Sísifo, el existencialismo y la Nouvelle Vague.

Este mito cautivó la imaginación de pensadores y artistas de los años venideros. Especialmente, luego de la debacle vivida por la humanidad luego de la Segunda Guerra Mundial, tuvo inusitada vigencia. A la luz de esta historia filósofos existencialistas reflexionaron sobre la rebeldía del hombre sobre la naturaleza y su destino, su sentido trágico siempre enlazado a la muerte, y la futilidad de sus trabajos y empresas. Albert Camus dedicaría un libro, publicado en 1942, a esta historia inmortal.
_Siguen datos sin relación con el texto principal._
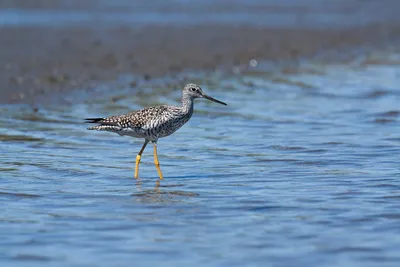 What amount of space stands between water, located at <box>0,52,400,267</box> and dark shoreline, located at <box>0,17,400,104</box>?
101cm

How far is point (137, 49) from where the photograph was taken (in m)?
19.9

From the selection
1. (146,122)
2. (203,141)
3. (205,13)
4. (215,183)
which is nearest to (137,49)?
(205,13)

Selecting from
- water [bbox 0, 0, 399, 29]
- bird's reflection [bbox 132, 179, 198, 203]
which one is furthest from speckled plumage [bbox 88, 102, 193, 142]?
water [bbox 0, 0, 399, 29]

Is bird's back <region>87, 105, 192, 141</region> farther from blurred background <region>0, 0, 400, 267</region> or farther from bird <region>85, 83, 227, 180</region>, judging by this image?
blurred background <region>0, 0, 400, 267</region>

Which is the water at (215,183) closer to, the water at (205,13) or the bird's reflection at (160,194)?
the bird's reflection at (160,194)

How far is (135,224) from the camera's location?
8508 mm

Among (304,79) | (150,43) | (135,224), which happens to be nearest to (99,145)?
(135,224)

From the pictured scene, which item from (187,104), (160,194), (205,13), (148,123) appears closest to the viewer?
(160,194)

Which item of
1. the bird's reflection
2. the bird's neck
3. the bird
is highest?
the bird's neck

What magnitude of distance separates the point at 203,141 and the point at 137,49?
24.3 feet

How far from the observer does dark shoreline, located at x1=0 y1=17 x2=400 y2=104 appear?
16.6 meters

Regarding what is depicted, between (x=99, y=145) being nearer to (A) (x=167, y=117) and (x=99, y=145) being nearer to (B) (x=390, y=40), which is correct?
(A) (x=167, y=117)

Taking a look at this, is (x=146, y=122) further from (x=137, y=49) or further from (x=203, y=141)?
(x=137, y=49)

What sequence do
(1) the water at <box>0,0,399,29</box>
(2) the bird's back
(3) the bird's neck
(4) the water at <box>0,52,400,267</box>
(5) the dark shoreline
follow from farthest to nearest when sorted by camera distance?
(1) the water at <box>0,0,399,29</box> → (5) the dark shoreline → (3) the bird's neck → (2) the bird's back → (4) the water at <box>0,52,400,267</box> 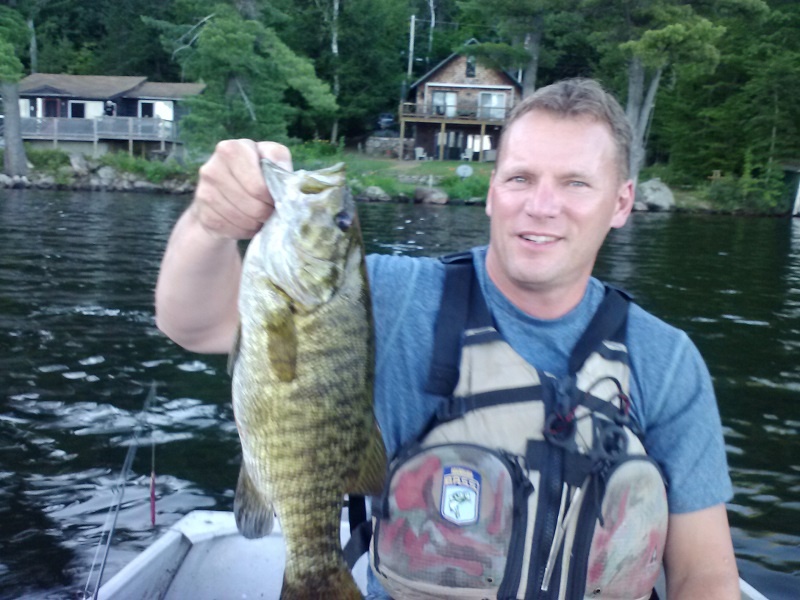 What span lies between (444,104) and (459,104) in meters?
0.85

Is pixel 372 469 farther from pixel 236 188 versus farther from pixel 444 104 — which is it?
pixel 444 104

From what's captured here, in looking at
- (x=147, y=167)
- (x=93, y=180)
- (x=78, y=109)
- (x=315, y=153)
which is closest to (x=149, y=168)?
(x=147, y=167)

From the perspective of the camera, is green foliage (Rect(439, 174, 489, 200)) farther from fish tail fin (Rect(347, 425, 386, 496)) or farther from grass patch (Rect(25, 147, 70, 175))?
fish tail fin (Rect(347, 425, 386, 496))

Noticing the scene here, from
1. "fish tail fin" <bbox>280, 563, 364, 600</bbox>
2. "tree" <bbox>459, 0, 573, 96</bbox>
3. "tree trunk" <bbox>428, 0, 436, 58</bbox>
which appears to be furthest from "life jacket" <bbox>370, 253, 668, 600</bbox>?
"tree trunk" <bbox>428, 0, 436, 58</bbox>

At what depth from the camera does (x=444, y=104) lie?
49.5 metres

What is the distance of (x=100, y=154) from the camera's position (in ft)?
125

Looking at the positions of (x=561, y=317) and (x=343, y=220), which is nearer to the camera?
(x=343, y=220)

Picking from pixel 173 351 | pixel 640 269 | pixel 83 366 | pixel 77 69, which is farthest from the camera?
pixel 77 69

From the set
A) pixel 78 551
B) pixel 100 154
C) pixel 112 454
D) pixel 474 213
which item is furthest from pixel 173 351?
pixel 100 154

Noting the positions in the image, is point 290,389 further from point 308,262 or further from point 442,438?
point 442,438

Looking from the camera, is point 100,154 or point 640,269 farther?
point 100,154

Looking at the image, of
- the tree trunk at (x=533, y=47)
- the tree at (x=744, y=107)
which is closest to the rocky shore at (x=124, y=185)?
the tree at (x=744, y=107)

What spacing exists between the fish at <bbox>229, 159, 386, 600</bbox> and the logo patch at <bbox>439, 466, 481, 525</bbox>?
0.82 feet

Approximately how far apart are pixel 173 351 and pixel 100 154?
30.7m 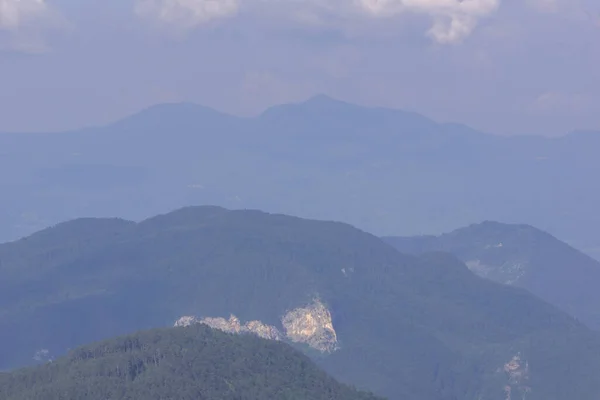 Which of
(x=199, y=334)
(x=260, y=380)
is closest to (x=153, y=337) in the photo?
(x=199, y=334)

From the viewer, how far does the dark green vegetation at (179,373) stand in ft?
453

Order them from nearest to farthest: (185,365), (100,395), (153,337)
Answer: (100,395), (185,365), (153,337)

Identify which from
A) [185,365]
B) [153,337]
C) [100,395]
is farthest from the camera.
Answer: [153,337]

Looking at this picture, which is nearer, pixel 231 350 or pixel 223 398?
pixel 223 398

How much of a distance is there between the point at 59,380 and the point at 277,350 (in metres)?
30.7

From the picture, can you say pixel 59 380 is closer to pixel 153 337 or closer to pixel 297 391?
pixel 153 337

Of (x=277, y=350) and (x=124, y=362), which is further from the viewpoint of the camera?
(x=277, y=350)

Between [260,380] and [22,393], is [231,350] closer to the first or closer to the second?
[260,380]

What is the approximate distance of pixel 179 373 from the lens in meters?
143

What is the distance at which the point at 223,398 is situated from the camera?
13988cm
Inspirada por el existencialismo y otras corrientes filosóficas de vanguardia, la cinematografía francesa revolucionaría el séptimo arte entre los años sesenta y setenta. Directores como Truffaut, Rohmer y sobre todo Godard renovarían radicalmente el mensaje y la forma de hacer cine, iniciando lo que la crítica ha denominado la Nouvelle vague, o Nueva ola francesa; movimiento artístico que repercutió internacionalmente y rápida alcanzó seguidores en todos los rincones del orbe. Por su parte, Japón, país de una tradición cinematográfica centenaria sería terreno fértil para sus postulados artísticos.
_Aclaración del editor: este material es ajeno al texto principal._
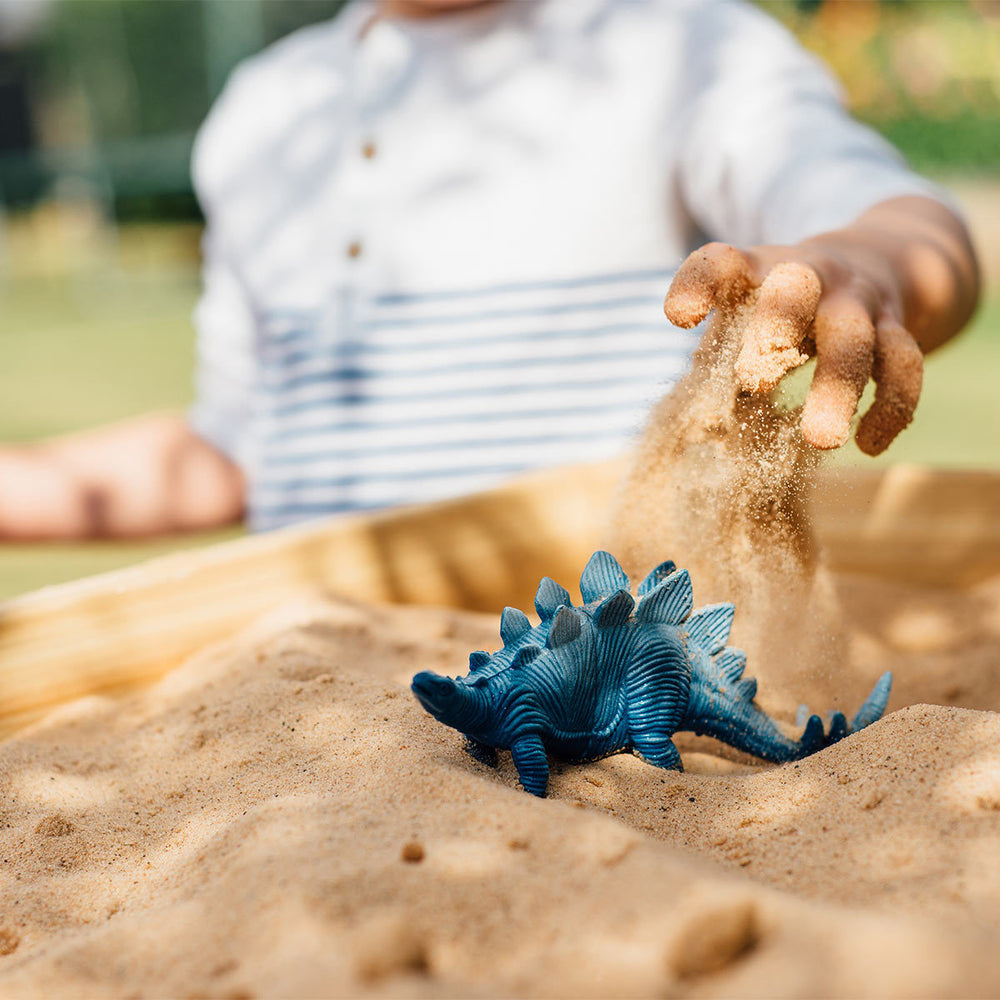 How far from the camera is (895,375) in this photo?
3.42 ft

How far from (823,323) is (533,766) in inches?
19.8

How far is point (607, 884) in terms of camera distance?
838 millimetres

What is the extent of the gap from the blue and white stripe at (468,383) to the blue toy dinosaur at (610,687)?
1104 millimetres

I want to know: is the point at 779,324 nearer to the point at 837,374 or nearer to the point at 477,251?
the point at 837,374

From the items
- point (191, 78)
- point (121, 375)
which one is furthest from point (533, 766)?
point (191, 78)

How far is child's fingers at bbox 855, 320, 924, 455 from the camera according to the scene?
104 centimetres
En la Postguerra, Japón iniciaría su milagro económico y un despegue social y cultural de mano de la liberalización que impondría el gobierno de ocupación americano. Las libertades ideológicas antes constreñidas por el nacionalismo florecerían, dando lugar a una época de esplendor en el cine, allá por los años cincuenta. Sin embargo, la búsqueda de mayor perfección formal y una preocupación profunda por la identidad, el futuro y el sentido del Japón (después de eventos traumáticos como Hiroshima y Nagasaki) empujarían a los jóvenes directores a formas menos convencionales y más exigentes al espectador.  Es así como nacería la Nueva ola japonesa, aquella que sin ceñirse férreamente a los postulados artísticos de su par francés, lograría generar un mensaje y formato original bajo su influencia.

Los directores más representativos de la Nueva ola japonesa o nūberu bāgu serán: Nagisha Oshima (Death by hanging, 1968; Merry Chrismas Mr. Lawrence, 1983), Masahiro Shinoda (Los pornógrafos, 1966), Yoshishige Yoshida (Eros + Masacre, 1969), y Hiroshi Teshigahara (La mujer de arena, 1964). Son famosos por su experimentación con el lenguaje cinematográfico, obsesión por la fotografía y sus problemas con la censura. Sin embargo, a pesar de no estar dentro de las coordenadas temporales del movimiento, un hombre debe ser considerado el padre de la Nueva ola japonesa: Kaneto Shindo. Este magnífico realizador en los inicios de los años sesenta nos regalará una cinta que es como un verdadero manifiesto del nuevo cine japonés.

 

«La isla desnuda»    

Hadaka no shima (1960) es la decimoquinta cinta de Shindo, y la más importante luego de su famosísima Niños de Hiroshima (1952). Como lo hizo con esta película, discurre y medita a propósito de la condición humana, ya no teniendo como telón de fondo la tragedia atómica, sino que se centra –de manera más metafísica– en la vida rural japonesa. «La isla desnuda» relata la historia de una familia que habita una colina-islote en la prefectura de Hiroshima (lugar de nacimiento del director). El lugar no cuenta con agua y la pareja de esposos tiene que trasladarse varias veces al día hasta la ciudad de Mihara para traerla en pequeños baldes. Luego los transportan a la cima de la ladera, donde siembran algunos productos. Mientras tanto sus dos hijos ayudan en las tareas del hogar y pescan.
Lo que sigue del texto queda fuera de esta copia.